Quote all lines below exactly. Images stay out.

Stored data
------

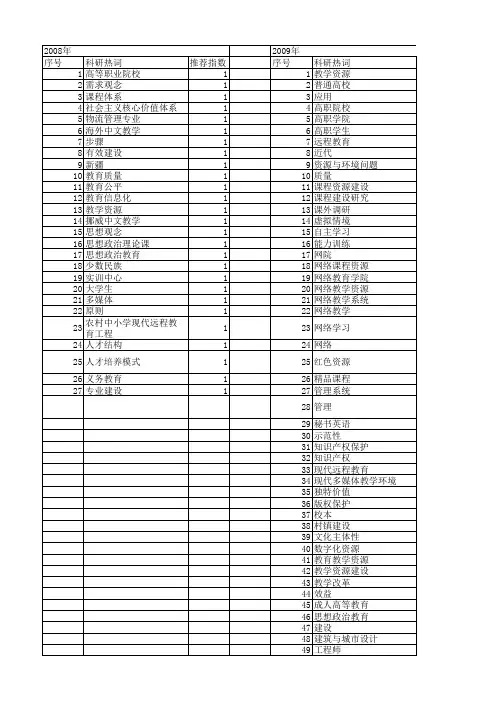 【国家社会科学基金】_教学资源建设_基金支持热词逐年推荐_【万方软件创新助手】_20140808
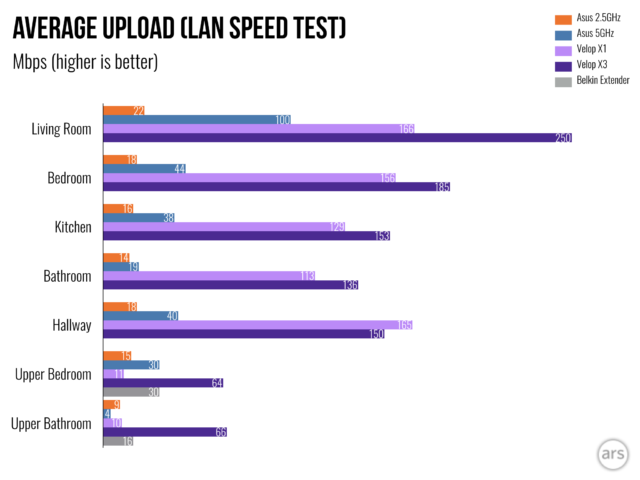 Linksys Velop Review Fast Capable Mesh Wi Fi But Way Too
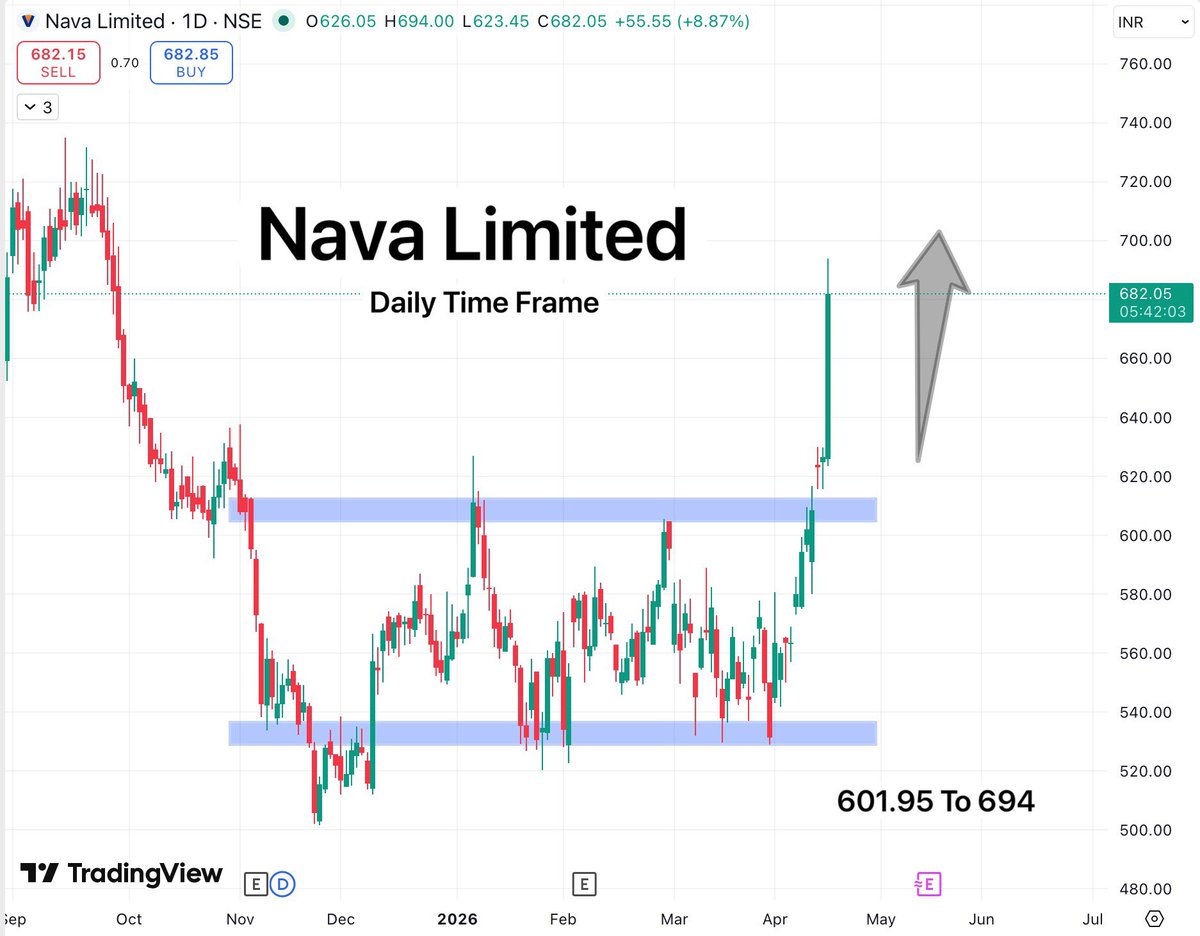 TradeTeam_'s tweet image. Nava Ltd, another day another breakout 🚀

601.95 to 694
15% momentum till now 🔥

Aisa koi din hai jab apna
Koi stock 10% se jayada na chala ho😜

#StockMarketIndia #BreakoutStock #StocksToWatch #StocksInFocus #SwingTrading #investing #Stocks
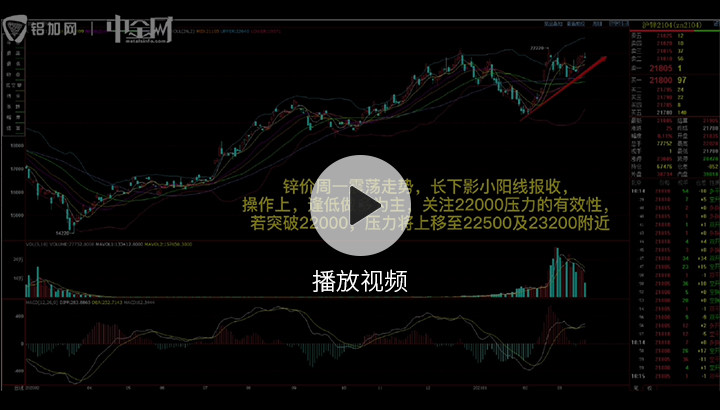 金屬行情播報0316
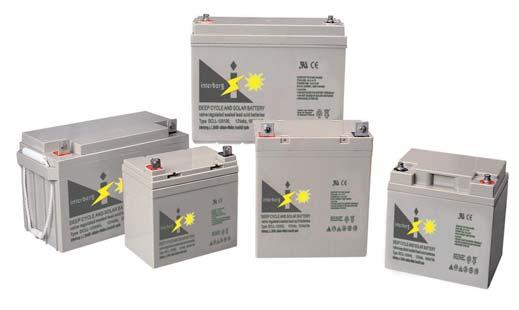 Storage Batteries for Solar Systems: Different options (listed from best to worst) can be found in the market for this essential component of a PV system: -Lithium (LiFePO4) batteries, -Ni-Iron
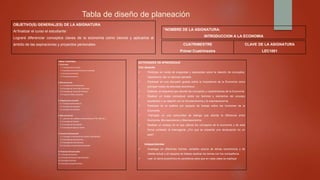 Tabla de diseño de planeación
“NOMBRE DE LA ASIGNATURA:
INTRODUCCION A LA ECONOMIA
CUATRIMESTRE
Primer Cuatrimestre
CLAVE DE LA ASIGNATURA
LEC1001
OBJETIVO(S) GENERAL(ES) DE LA ASIGNATURA
Al finalizar el curso el estudiante:
Logrará diferenciar conceptos claves de la economía como ciencia y aplicarlos al
ámbito de las aspiraciones y proyectos personales
TEMAS Y SUBTEMAS
1. Economía
1.1 Concepto de Economía
1.2 Importancia de la Economía en la sociedad
1.3 Actividad económica
1.4 Principio Económico
2. Microeconomía
2.1 Concepto de Microeconomía
2.2 Concepto de Teoría del Consumidor
2.3 Concepto de Teoría del Productor
2.4 Leyes de oferta y demanda
3. Organización Industrial
3.1 Concepto de Monopsonio
3.2 Concepto de Oligopolio
3.3 Concepto de mercados
4. Macroeconomía
4.1 ¿Qué son las variables macroeconómicas, PIB, PNB, etc.?
4.2 Concepto de inflación
4.3 Concepto de Devaluación
4.4 Concepto de tasas de interés
5. Comercio Internacional
5.1 Concepto e importancia de Comercio Internacional
5.2 Concepto de Importaciones
5.3 Concepto de Exportaciones
5.4 Concepto e importancia de aranceles
6. Finanzas Internacionales
6.1 Concepto de finanzas
6.2 Concepto de finanzas internacionales
6.3 Concepto de divisas
6.4 Concepto mercado de dinero
ACTIVIDADES DE APRENDIZAJE
Con docente:
 Participar en ronda de preguntas y respuestas sobre la relación de conceptos,
importancia, dar un ejemplo aplicado
 Participar en una discusión guiada sobre la importancia de la Economía como
principal medio de actividad económica
 Elaborar un esquema que aborde los conceptos y características de la Economía
 Realizar un mapa conceptual sobre los factores y elementos del proceso
económico y su relación con la microeconomía y la macroeconomía
 Participar en el análisis por equipos de trabajo sobre las funciones de la
Economía
 Participar en una comunidad de dialogo que aborde la diferencia entre
Economía, Microeconomía y Macroeconomía
 Realizar un ensayo en el que utilices los conceptos de la economía y de esta
forma contestar la interrogante ¿Por qué se presenta una devaluación en un
país?
Independientes
 Investigar en diferentes fuentes variables acerca de temas económicos y de
interés actual y en equipos de trabajo explicar los temas con los compañeros
 Leer un tema económico en periódicos para que en cada clase se explique
 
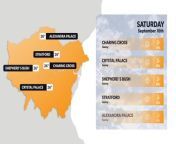 London weather forecast 15th September from london al oath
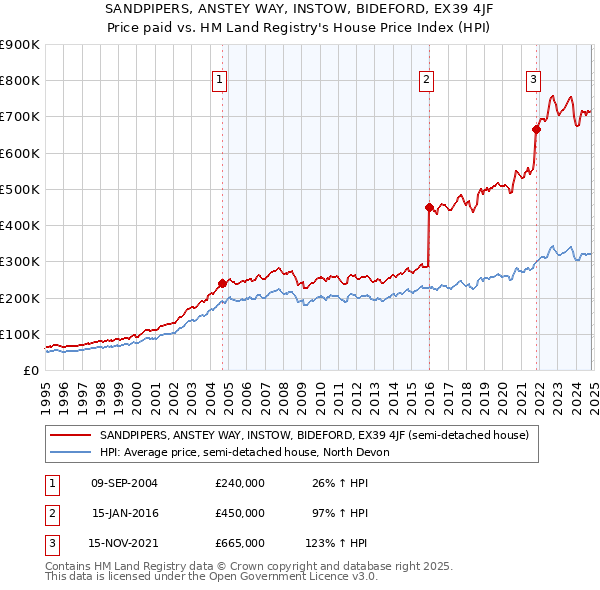 SANDPIPERS, ANSTEY WAY, INSTOW, BIDEFORD, EX39 4JF: Price paid vs HM Land Registry's House Price Index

------

## [YOUR SOLUTION]
 【国家社会科学基金】_教学资源建设_基金支持热词逐年推荐_【万方软件创新助手】_20140808
 Linksys Velop Review Fast Capable Mesh Wi Fi But Way Too
 TradeTeam_'s tweet image. Nava Ltd, another day another breakout 🚀

601.95 to 694
15% momentum till now 🔥

Aisa koi din hai jab apna
Koi stock 10% se jayada na chala ho😜

#StockMarketIndia #BreakoutStock #StocksToWatch #StocksInFocus #SwingTrading #investing #Stocks
 金屬行情播報0316
 Storage Batteries for Solar Systems: Different options (listed from best to worst) can be found in the market for this essential component of a PV system: -Lithium (LiFePO4) batteries, -Ni-Iron
 Tabla de diseño de planeación
“NOMBRE DE LA ASIGNATURA:
INTRODUCCION A LA ECONOMIA
CUATRIMESTRE
Primer Cuatrimestre
CLAVE DE LA ASIGNATURA
LEC1001
OBJETIVO(S) GENERAL(ES) DE LA ASIGNATURA
Al finalizar el curso el estudiante:
Logrará diferenciar conceptos claves de la economía como ciencia y aplicarlos al
ámbito de las aspiraciones y proyectos personales
TEMAS Y SUBTEMAS
1. Economía
1.1 Concepto de Economía
1.2 Importancia de la Economía en la sociedad
1.3 Actividad económica
1.4 Principio Económico
2. Microeconomía
2.1 Concepto de Microeconomía
2.2 Concepto de Teoría del Consumidor
2.3 Concepto de Teoría del Productor
2.4 Leyes de oferta y demanda
3. Organización Industrial
3.1 Concepto de Monopsonio
3.2 Concepto de Oligopolio
3.3 Concepto de mercados
4. Macroeconomía
4.1 ¿Qué son las variables macroeconómicas, PIB, PNB, etc.?
4.2 Concepto de inflación
4.3 Concepto de Devaluación
4.4 Concepto de tasas de interés
5. Comercio Internacional
5.1 Concepto e importancia de Comercio Internacional
5.2 Concepto de Importaciones
5.3 Concepto de Exportaciones
5.4 Concepto e importancia de aranceles
6. Finanzas Internacionales
6.1 Concepto de finanzas
6.2 Concepto de finanzas internacionales
6.3 Concepto de divisas
6.4 Concepto mercado de dinero
ACTIVIDADES DE APRENDIZAJE
Con docente:
 Participar en ronda de preguntas y respuestas sobre la relación de conceptos,
importancia, dar un ejemplo aplicado
 Participar en una discusión guiada sobre la importancia de la Economía como
principal medio de actividad económica
 Elaborar un esquema que aborde los conceptos y características de la Economía
 Realizar un mapa conceptual sobre los factores y elementos del proceso
económico y su relación con la microeconomía y la macroeconomía
 Participar en el análisis por equipos de trabajo sobre las funciones de la
Economía
 Participar en una comunidad de dialogo que aborde la diferencia entre
Economía, Microeconomía y Macroeconomía
 Realizar un ensayo en el que utilices los conceptos de la economía y de esta
forma contestar la interrogante ¿Por qué se presenta una devaluación en un
país?
Independientes
 Investigar en diferentes fuentes variables acerca de temas económicos y de
interés actual y en equipos de trabajo explicar los temas con los compañeros
 Leer un tema económico en periódicos para que en cada clase se explique
 
 London weather forecast 15th September from london al oath
 SANDPIPERS, ANSTEY WAY, INSTOW, BIDEFORD, EX39 4JF: Price paid vs HM Land Registry's House Price Index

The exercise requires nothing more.